**TASK OBJECTIVE:** Each line below from the line with "VERO MODA VMDEBBIE" to the line with "KOCH KITCHEN อ่างล้างจาน" must be copied exactly, including those two, and no picture may appear in the copy.

**INPUT MATERIAL:**
-- Opening Marker --
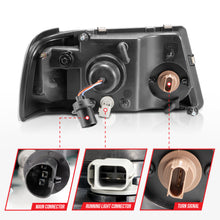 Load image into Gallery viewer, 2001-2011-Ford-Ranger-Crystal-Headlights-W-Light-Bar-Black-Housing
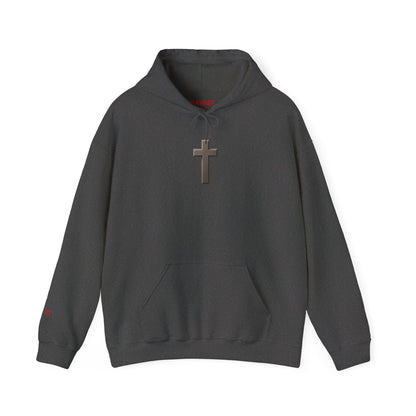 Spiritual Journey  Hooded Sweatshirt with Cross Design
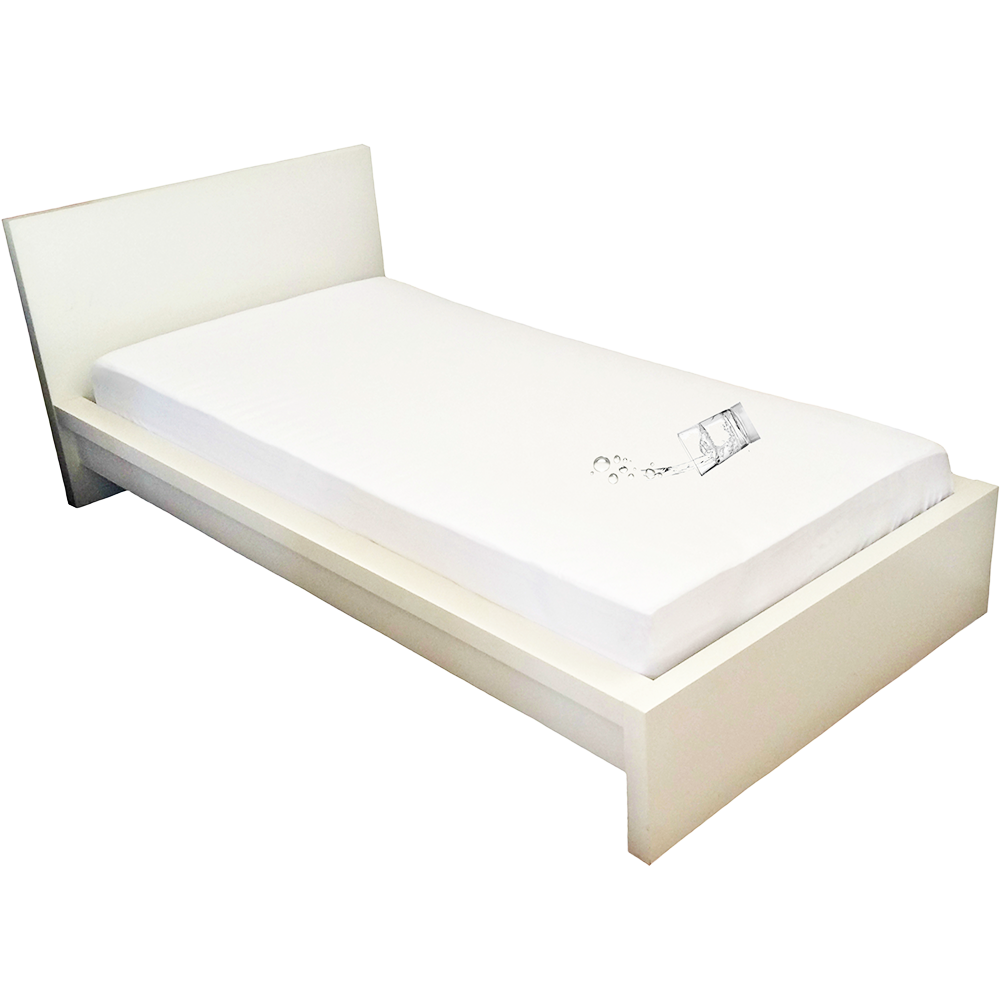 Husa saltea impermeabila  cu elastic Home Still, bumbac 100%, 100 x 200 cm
-- Closing Marker --
-- Opening Marker --
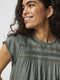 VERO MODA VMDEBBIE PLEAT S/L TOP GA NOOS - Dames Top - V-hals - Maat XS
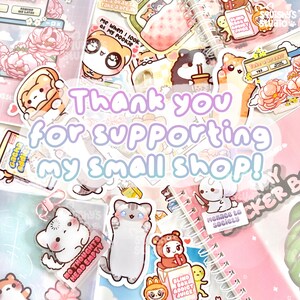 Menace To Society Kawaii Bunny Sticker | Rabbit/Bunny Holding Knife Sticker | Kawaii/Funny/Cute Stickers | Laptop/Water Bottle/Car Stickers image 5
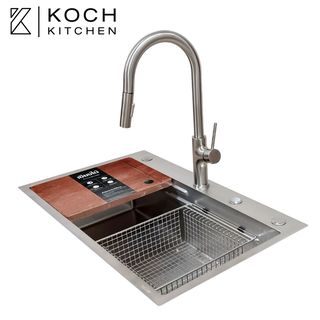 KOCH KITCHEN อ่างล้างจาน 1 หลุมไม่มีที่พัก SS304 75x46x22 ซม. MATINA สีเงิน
-- Closing Marker --
-- Opening Marker --
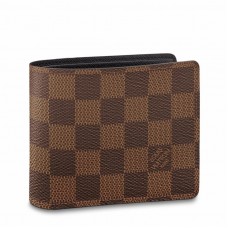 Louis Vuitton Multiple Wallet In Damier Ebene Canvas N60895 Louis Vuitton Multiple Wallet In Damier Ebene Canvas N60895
-- Closing Marker --
**TASK RESPONSE:**
 VERO MODA VMDEBBIE PLEAT S/L TOP GA NOOS - Dames Top - V-hals - Maat XS
 Menace To Society Kawaii Bunny Sticker | Rabbit/Bunny Holding Knife Sticker | Kawaii/Funny/Cute Stickers | Laptop/Water Bottle/Car Stickers image 5
 KOCH KITCHEN อ่างล้างจาน 1 หลุมไม่มีที่พัก SS304 75x46x22 ซม. MATINA สีเงิน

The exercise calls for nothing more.